On Nov 22, 2010, at 12:37 AM, Peter van der Zee wrote:
> On Mon, Nov 22, 2010 at 6:54 AM, Brendan Eich <[email protected]> wrote:
>
> The ML-ish solution, which is forward compatible, is to parenthesize:
>
> let typedObj = { (prop1:type1): value1, (prop2:type2): value2, ... };
>
> The parentheses hurt too, but only this case. And it still may win to
> annotate the entire ObjectLiteral sometimes, which would avoid (or move to
> one common guard-type definition) the property-wise annotation overhead.
> Comments?
>
> I wouldn't want to introduce forced parens for the sake of disambiguation for
> the coder. I'd rather go with ::, # or @ ...
Those are not all equally good, and you're again sacrificing the common case
(especially with ::) where there's no need to parenthesize, for the uncommon
case of property-wise type annotation in an object initialiser.

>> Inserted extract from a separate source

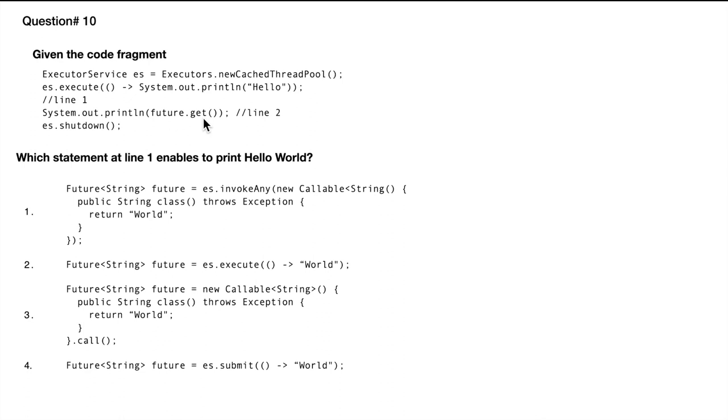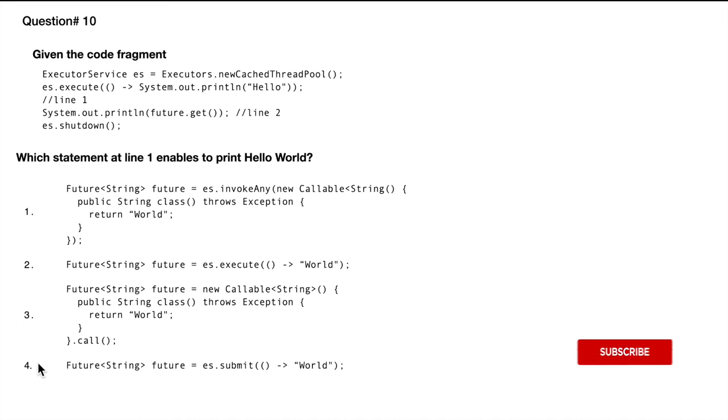This is a concurrency related question. I have prepared a full tutorial on concurrency, so I'll link the card here. If you are not clear on this question, feel free to watch that video and your concepts will be much clearer.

Actually, one can use : just fine in an initialiser provided one or two colons
are required per property initialiser. There's no need for :: or anything else
except to avoid a confusing re-use of colon. Which is an issue, but :: doesn't
exactly address it!
Fundamenally, though, you have to weight each use-case by frequency. If as I
argue var x : T, function f(a: T, b: U): V {...}, etc. annotations dominate the
rare var typedObj = ... case, then parens or whatever is needed (even a
separated type annotation for the whole initialiser, as in ES4) is worth it.
> Actually, for object literal I'd go for an equal sign (=), but that obviously
> won't fix var declarations where the colon is fine.
We're not changing object initialiser syntax.
> Can't the guards proposal be applied to function parameters as well? Or am I
> stepping on land mines there? :) It seems like the same logic could be
> applied. In that case the equal sign is maybe even more preferable.
What are you proposing = be used for, if not default parameter values (see the
wiki) or assignment? No way does = make sense for type annotation.
But yes: type annotation (guard, contract, whateve -- not static types but
that's not at issue) should be possible for function parameters, return types,
local variables, let bindings, catch vars, etc.